Beginning with the line containing "May include: A", write out each line exactly through the end of the listing, and skip all pictures.

(Source data begins)

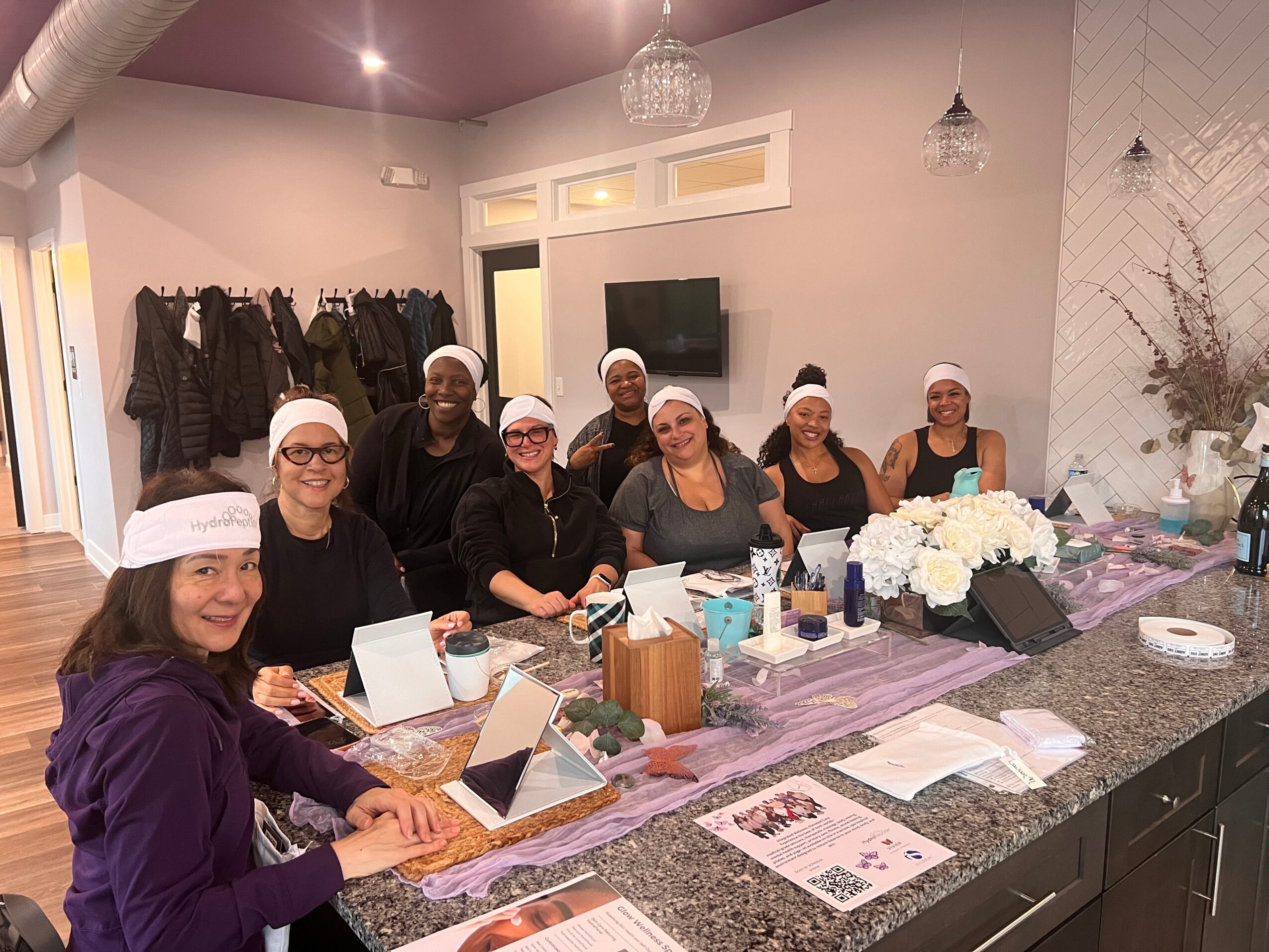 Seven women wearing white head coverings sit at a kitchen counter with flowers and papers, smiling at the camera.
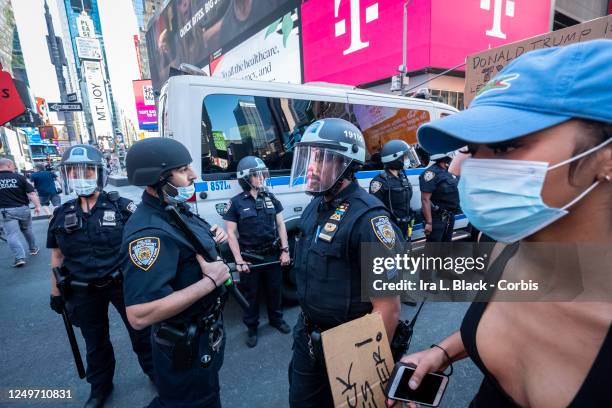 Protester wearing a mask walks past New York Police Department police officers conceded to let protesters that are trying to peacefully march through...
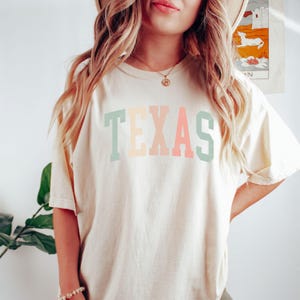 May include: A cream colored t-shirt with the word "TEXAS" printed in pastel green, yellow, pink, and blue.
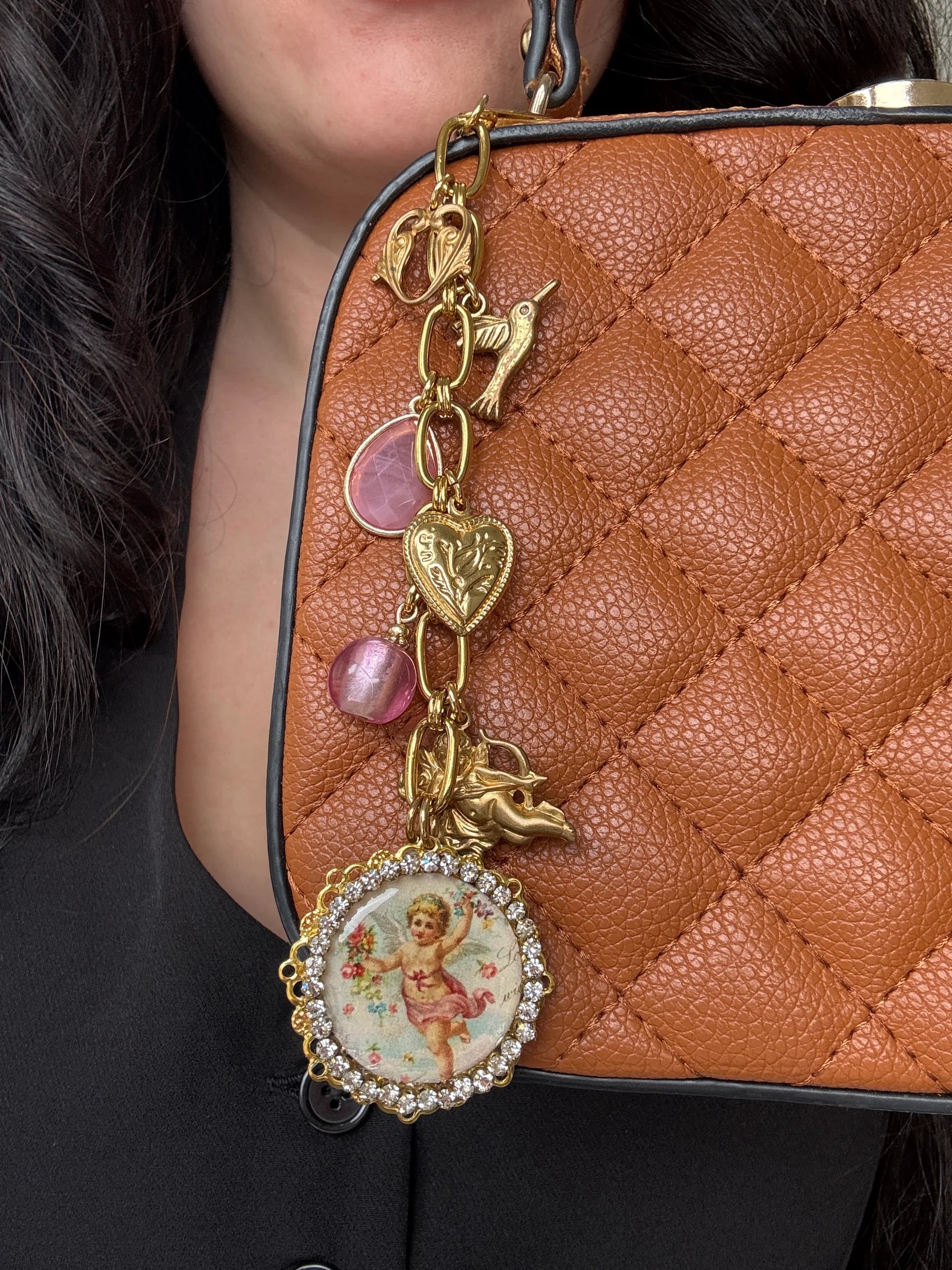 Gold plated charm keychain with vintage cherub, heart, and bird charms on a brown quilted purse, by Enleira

(Source data ends)

(Solution for this exercise):
 May include: A cream colored t-shirt with the word "TEXAS" printed in pastel green, yellow, pink, and blue.
 Gold plated charm keychain with vintage cherub, heart, and bird charms on a brown quilted purse, by Enleira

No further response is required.